### Information supplied:
BEGIN

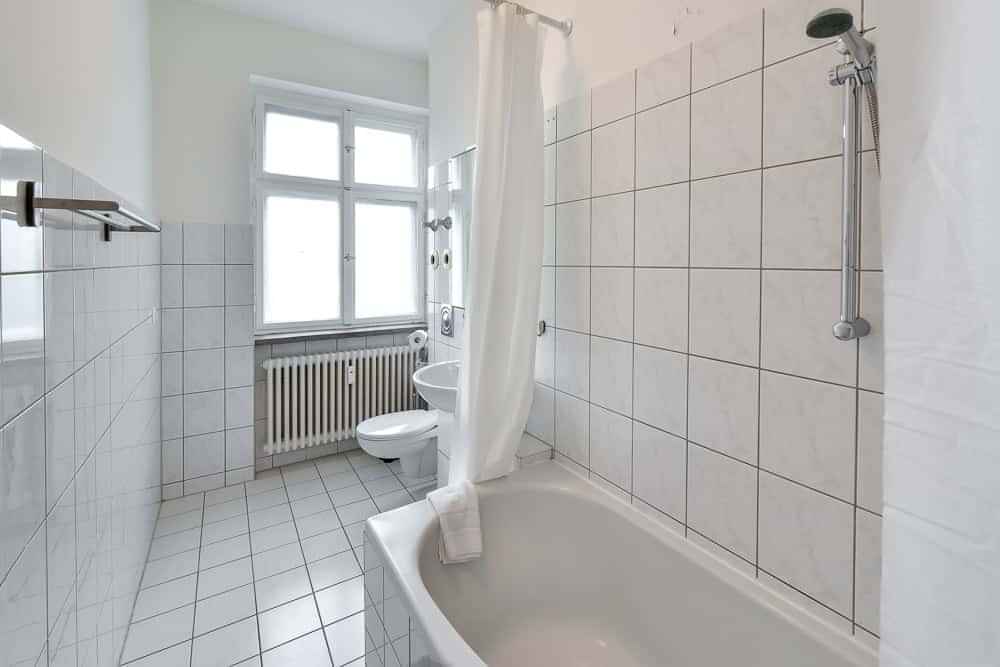 Gubenerstraße 52A, Berlin - Berlin, Germany - Bathroom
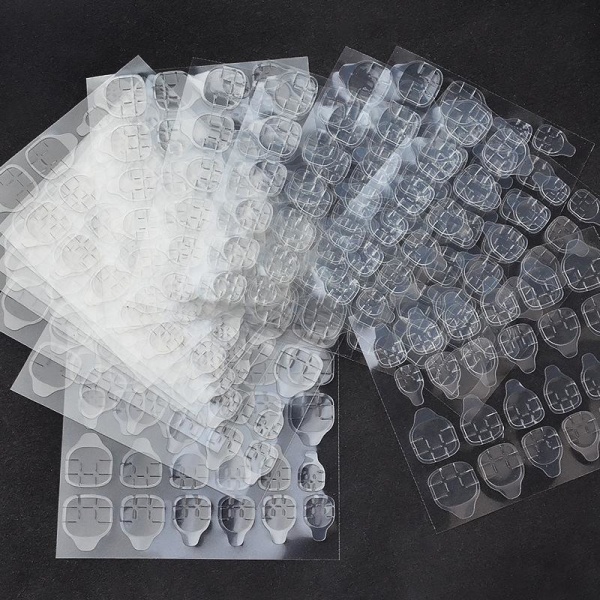 240 stk. Dobbeltsidet False Nail Art selvklæbende tape - Nail Adhesive Transparent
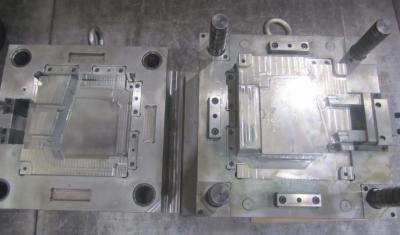 China High Glossy Polishing Hot Runner Injection Mould Prototype Injection Molding for sale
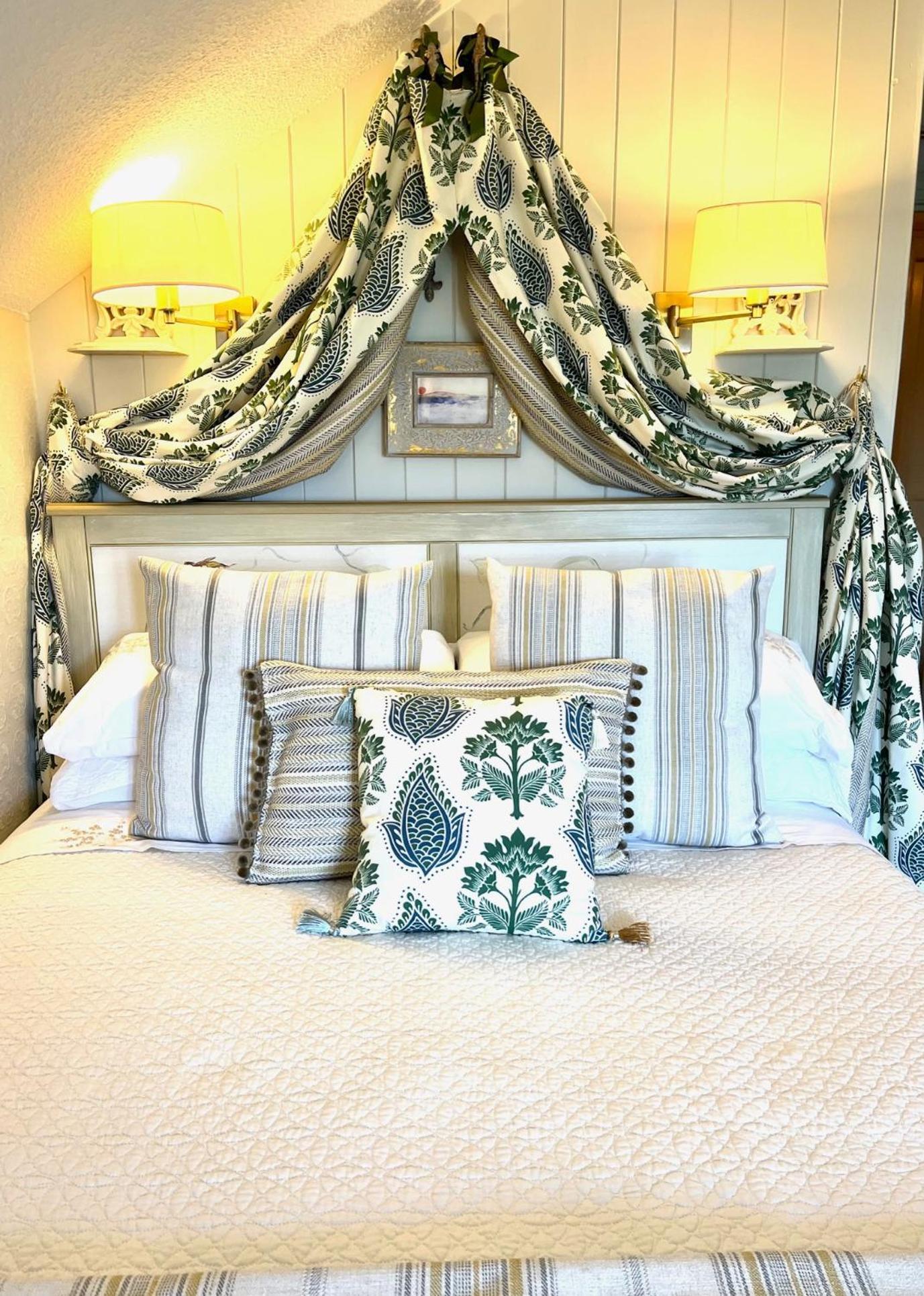 The Artist Residence Dublin Boutique B&B Сътън Екстериор снимка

END

### Exercise instructions:
Please give every line above again word for word, apart from the pictures.

### Task output:
 Gubenerstraße 52A, Berlin - Berlin, Germany - Bathroom
 240 stk. Dobbeltsidet False Nail Art selvklæbende tape - Nail Adhesive Transparent
 China High Glossy Polishing Hot Runner Injection Mould Prototype Injection Molding for sale
 The Artist Residence Dublin Boutique B&B Сътън Екстериор снимка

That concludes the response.